Action item:
Copy each line below word for word and drop every image.

Data shown:
+ + +

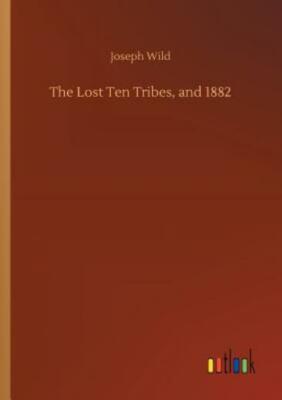 The Lost Ten Tribes, And 1882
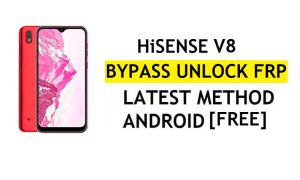 HiSense V8 Frp Bypass Fix Actualización de YouTube sin PC Android 9 Desbloqueo de Google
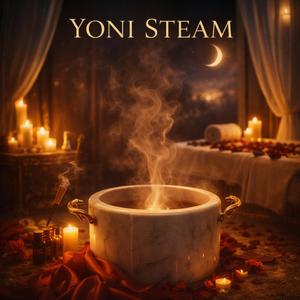 Yoni Steam (feat. Jay Love)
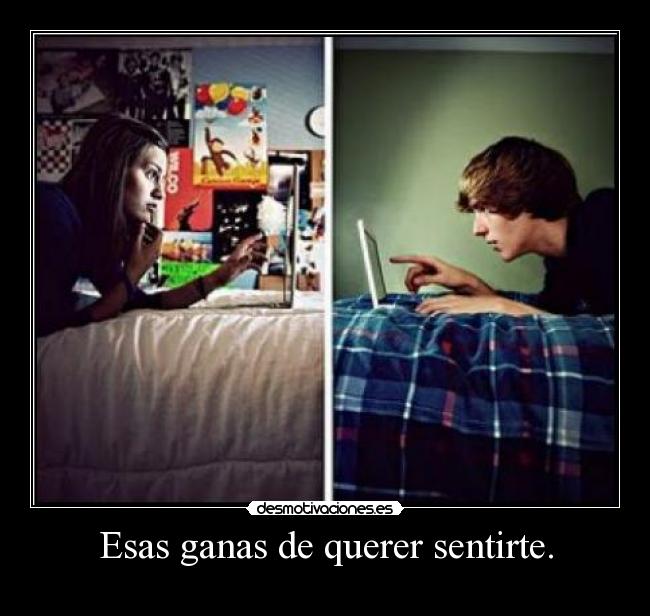 Esas ganas de querer sentirte. -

+ + +

Answer section:
 The Lost Ten Tribes, And 1882
 HiSense V8 Frp Bypass Fix Actualización de YouTube sin PC Android 9 Desbloqueo de Google
 Yoni Steam (feat. Jay Love)
 Esas ganas de querer sentirte. -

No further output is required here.